La presenza di due soggetti in un medesimo territorio offre un regime di duopolio in cui si instaurano concorrenza o collusione con la criminalità. Al corretto stato normativo, insomma, si insinua l’evoluzione delle regole mafiose. Comprendere lo sviluppo dalla mafia dei sicari a quella collusa con le istituzioni potrebbe essere la chiave di volta per comprenderne i nuovi meccanismi di ricatto e arrivare a una soluzione per contrastarla. «Bisogna capire che la mafia ha raggiunto un potenziale economico tale da non usare più lo strumento della prevaricazione - spiega Giuliano Pisapia, avvocato penalista del Foro di Milano -: è il lavoro la nuova subdola forma di ricatto». La soluzione sarebbe quindi colpire la mafia sotto il profilo economico (come con la confisca dei beni), più che con la repressione attraverso norme penali come il 416 bis. In particolare si discute sull’attualità delle norme o sulla necessità di un restyling. «Penso sia utile il rinnovamento normativo - ipotizza Gabrio Forti, docente di Diritto penale dell’Università Cattolica di Milano - dato lo spostamento del baricentro dall’intimidazione, carattere atavico del fenomeno mafioso, alla zona grigia in cui entrano in gioco finanzieri e trader».

Dunque, con il subentrare dell’etica degli affari e della responsabilità sociale dell’impresa, sono le aziende a prendere il posto dell’autorità statale. Il giudice Morosini concorda con le riflessioni maturate nel corso del dibattito e ribadisce la necessità di una più adeguata attenzione al problema sicurezza. «Da 15 anni - afferma - opero in un panorama in cui nonostante l’interesse a potenziare la sicurezza fisica, non è ancora garantita la sicurezza esistenziale, ossia il poter lavorare, frequentare scuole funzionanti o accedere a una sanità che renda un servizio dignitoso». In Sicilia c’è invece una fiscalità mafiosa capillare contro gli imprenditori che evolve dalle richieste di racket alle pretese di posti di lavoro per poter rispondere ai nuovi bisogni della gente e continuare il circolo vizioso di anomia e corruzione. «Per accordare i desiderata di Cosa nostra – continua il gup - bisogna avere un legame stretto con le istituzioni.

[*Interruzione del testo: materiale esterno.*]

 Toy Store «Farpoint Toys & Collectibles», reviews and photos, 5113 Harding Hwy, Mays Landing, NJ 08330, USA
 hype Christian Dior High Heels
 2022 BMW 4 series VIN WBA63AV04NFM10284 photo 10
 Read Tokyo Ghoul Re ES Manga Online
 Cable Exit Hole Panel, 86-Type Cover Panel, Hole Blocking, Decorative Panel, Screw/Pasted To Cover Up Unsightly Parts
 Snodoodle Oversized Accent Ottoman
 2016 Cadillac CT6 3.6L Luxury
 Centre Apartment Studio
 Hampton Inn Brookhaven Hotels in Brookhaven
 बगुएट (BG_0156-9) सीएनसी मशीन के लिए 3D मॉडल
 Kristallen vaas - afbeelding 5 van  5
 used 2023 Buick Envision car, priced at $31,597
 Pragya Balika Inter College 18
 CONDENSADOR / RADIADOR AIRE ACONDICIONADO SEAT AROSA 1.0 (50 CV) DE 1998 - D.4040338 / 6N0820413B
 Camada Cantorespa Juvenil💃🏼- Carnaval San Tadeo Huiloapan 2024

Diffido dai politici che nel contrasto a Cosa nostra parlano di leggi repressive perché negli ultimi 25 anni abbiamo già raggiunto un alto livello legislativo». «Penso piuttosto che una corretta allocazione delle risorse – propone Morosini - sarebbe la soluzione migliore, considerando che ci sono settori pubblici in cui le forze sono sottodimensionate rispetto alle reali richieste. Ciò andrebbe unito a una formazione più specializzata sulle nuove commistioni tra mafia e imprenditoria e a una condotta che agisca ex ante nelle sanzioni penali».

Inoltre, i giudici devono fare i conti con il sistema dell’informazione e con il costante rischio di strumentalizzazione nell’interpretazione delle decisioni rese. Maggiore trasparenza nelle sentenze e un linguaggio normativo più semplice sono gli espedienti suggeriti dal magistrato palermitano per arrivare a una comprensione condivisa di argomenti giuridici spesso ostici. «In fondo - conclude Morosini - la bontà dell’amministrazione dipende dai giudici ma anche dall’opinione pubblica che li sorveglia».